Efficient 3D Implicit Head Avatar with Mesh-anchored Hash Table Blendshapes
Ziqian Bai, Feitong Tan, Sean Fanello, Rohit Pandey, Mingsong Dou, Shichen Liu, Ping Tan, Yinda Zhang
TL;DR
This paper introduces mesh-anchored hash table blendshapes for efficient, controllable 3D implicit head avatars. By attaching multiple small hash tables to each 3DMM vertex and predicting per-vertex blendweights via a UV-space CNN, the method forms expression-dependent embeddings that feed a lightweight NeRF decoder, drastically reducing compute. A hierarchical $k$-NN search accelerates embedding retrieval, enabling real-time rendering (>30 FPS) at $512\times512$ while maintaining high fidelity, even for challenging expressions. Trained from monocular RGB videos, the approach delivers a favorable accuracy-speed trade-off against state-of-the-art high-quality and efficient avatars, with ablations validating the importance of local hash tables and the hierarchical search.

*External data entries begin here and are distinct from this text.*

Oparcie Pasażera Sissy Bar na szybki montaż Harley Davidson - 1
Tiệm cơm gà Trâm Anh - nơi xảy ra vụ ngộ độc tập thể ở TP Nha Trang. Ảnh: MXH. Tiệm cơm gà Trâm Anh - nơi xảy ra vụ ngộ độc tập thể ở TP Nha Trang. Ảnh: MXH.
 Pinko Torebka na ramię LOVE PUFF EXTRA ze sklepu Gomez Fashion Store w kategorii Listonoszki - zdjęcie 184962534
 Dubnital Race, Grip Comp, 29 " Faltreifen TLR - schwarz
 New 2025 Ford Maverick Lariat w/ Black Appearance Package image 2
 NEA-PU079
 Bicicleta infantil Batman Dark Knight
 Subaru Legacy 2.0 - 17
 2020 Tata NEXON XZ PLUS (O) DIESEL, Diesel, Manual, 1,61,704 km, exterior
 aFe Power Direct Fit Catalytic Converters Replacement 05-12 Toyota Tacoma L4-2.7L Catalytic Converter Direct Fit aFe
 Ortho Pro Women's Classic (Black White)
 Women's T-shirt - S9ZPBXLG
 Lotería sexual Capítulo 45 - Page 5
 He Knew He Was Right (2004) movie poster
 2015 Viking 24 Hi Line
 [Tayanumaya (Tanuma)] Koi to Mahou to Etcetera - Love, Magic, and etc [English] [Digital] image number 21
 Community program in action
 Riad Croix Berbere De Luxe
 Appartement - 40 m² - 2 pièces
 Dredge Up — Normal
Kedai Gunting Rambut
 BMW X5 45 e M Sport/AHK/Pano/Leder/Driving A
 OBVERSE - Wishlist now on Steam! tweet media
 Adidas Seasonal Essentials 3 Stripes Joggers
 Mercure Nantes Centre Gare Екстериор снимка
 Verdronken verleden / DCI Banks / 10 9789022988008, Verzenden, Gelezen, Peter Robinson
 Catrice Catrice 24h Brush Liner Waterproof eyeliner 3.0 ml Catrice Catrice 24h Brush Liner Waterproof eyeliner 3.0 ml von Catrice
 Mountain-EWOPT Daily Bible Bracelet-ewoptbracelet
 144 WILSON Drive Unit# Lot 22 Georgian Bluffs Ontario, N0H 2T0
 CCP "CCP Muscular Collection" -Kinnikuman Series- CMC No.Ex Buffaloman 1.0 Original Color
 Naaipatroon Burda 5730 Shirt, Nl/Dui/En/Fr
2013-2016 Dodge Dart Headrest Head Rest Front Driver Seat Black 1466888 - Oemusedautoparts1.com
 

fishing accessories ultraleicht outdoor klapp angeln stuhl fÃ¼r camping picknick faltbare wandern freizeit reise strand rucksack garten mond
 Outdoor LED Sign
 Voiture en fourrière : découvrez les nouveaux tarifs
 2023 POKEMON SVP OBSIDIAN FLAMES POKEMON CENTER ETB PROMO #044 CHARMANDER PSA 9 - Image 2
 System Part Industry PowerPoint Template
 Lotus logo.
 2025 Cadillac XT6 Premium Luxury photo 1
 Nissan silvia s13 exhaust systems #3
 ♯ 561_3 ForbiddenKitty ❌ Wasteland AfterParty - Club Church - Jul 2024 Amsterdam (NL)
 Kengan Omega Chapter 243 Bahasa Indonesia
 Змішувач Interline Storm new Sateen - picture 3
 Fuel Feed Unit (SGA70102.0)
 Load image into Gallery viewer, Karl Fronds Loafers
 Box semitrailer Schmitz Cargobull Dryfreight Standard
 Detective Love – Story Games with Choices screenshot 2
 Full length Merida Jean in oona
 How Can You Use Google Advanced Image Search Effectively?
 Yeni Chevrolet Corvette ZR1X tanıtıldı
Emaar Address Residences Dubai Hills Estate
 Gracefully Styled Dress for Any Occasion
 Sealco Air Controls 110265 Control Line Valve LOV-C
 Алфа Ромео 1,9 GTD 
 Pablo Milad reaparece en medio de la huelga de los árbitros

Limitations include floaters and some instability in mouth interiors, suggesting avenues for training-based regularization and refinement.
Abstract
3D head avatars built with neural implicit volumetric representations have achieved unprecedented levels of photorealism. However, the computational cost of these methods remains a significant barrier to their widespread adoption, particularly in real-time applications such as virtual reality and teleconferencing. While attempts have been made to develop fast neural rendering approaches for static scenes, these methods cannot be simply employed to support realistic facial expressions, such as in the case of a dynamic facial performance. To address these challenges, we propose a novel fast 3D neural implicit head avatar model that achieves real-time rendering while maintaining fine-grained controllability and high rendering quality. Our key idea lies in the introduction of local hash table blendshapes, which are learned and attached to the vertices of an underlying face parametric model. These per-vertex hash-tables are linearly merged with weights predicted via a CNN, resulting in expression dependent embeddings. Our novel representation enables efficient density and color predictions using a lightweight MLP, which is further accelerated by a hierarchical nearest neighbor search method. Extensive experiments show that our approach runs in real-time while achieving comparable rendering quality to state-of-the-arts and decent results on challenging expressions.